There were two screenings yesterday of Peter Jackson‘s The Lovely Bones (Paramount, 12.11 limited) — an exhibitor screening on the Paramount lot and (according to a friend) a SAG screening at the Landmark Westside Pavillion. I heard some stuff from one guy, and of course (a) it’s just one guy and (b) one always needs to take any earlybird opinion with a grain, etc.
Saoirse Ronan in Peter Jackson’s
The Lovely Bones.
But as I considered this guy’s views I was reminded of something I read in a Terrence Rafferty piece on the film that ran in the N.Y. Times on 11.1, to wit: After being shown “a few minutes of footage” plus “an exceptionally handsome trailer,” Rafferty said that Jackson “appears to have made the attempt to be faithful to the wistful, lyrical tone of Alice Sebold‘s book, but there are indications, too, that he hasn’t entirely abandoned his hyperbolic horror style: the looming close-ups, the ominous shadows, the fast, vertiginous tracking shots
In response to which I reiterated my opinion that Jackson “has gotten to a point in his career in which subject matter or theme or tone, even, matters less than it used to.

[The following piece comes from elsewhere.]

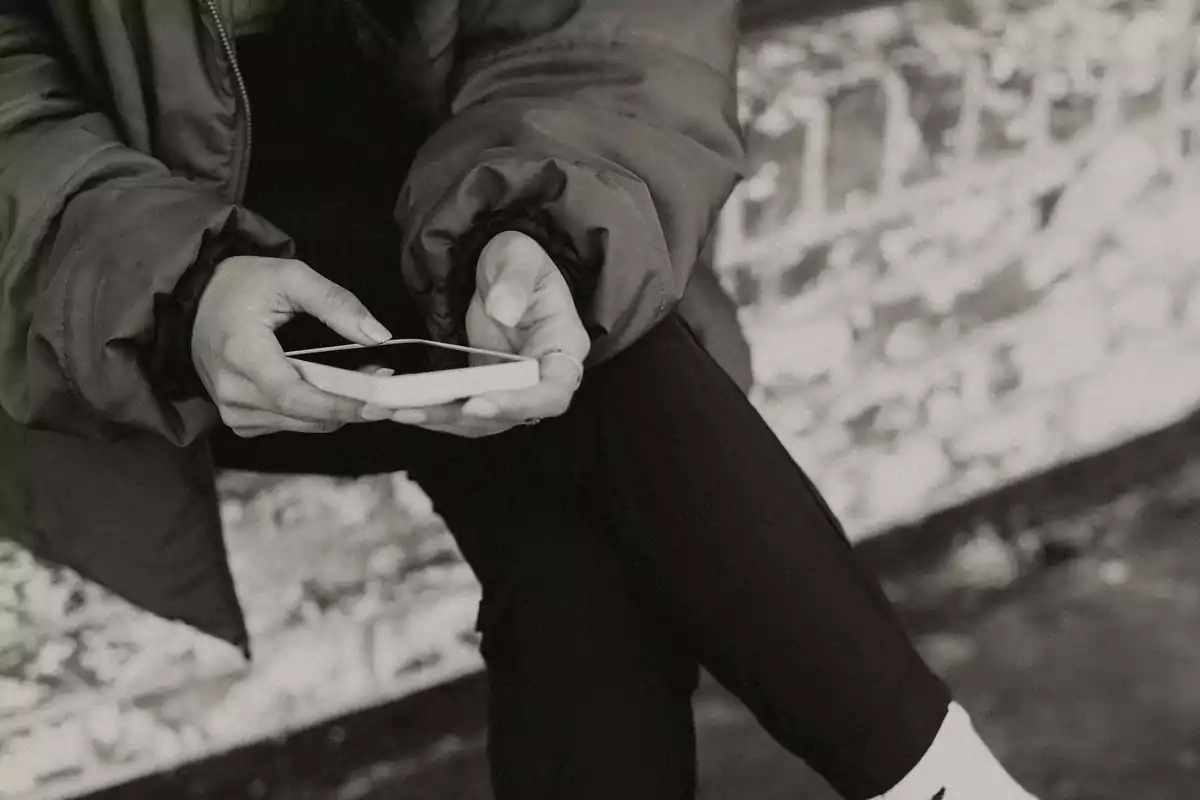 Persona sentada sosteniendo un teléfono móvil con ambas manos, usando chaqueta y pantalones oscuros, imagen en blanco y negro. Persona sentada sosteniendo un teléfono móvil con ambas manos, usando chaqueta y pantalones oscuros, imagen en blanco y negro.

There is really only one law, one rule — he must be ‘Peter Jackson.’ He must underline, be frenzied, be show-offy, whip up the lather, goad his actors into emphatic modes, etc.”
The guy I heard from (i.e., someone I know well who passed along impressions from another guy) said several things that I’m not going to share. Okay, I’ll pass along one thing. The guy who saw The Lovely Bones is “not a Peter Jackson hater…he liked the Rings trilogy, and is a fan of Heavenly Creatures. But if Terry Gilliam ever decided to make a serial killer movie, this would be it.”
I’m going to stop there. There’s time enough to sift things through and let the viewing process find its natural mojo, so no more. Okay, one last observation: “What Dreams May Come, Part II.”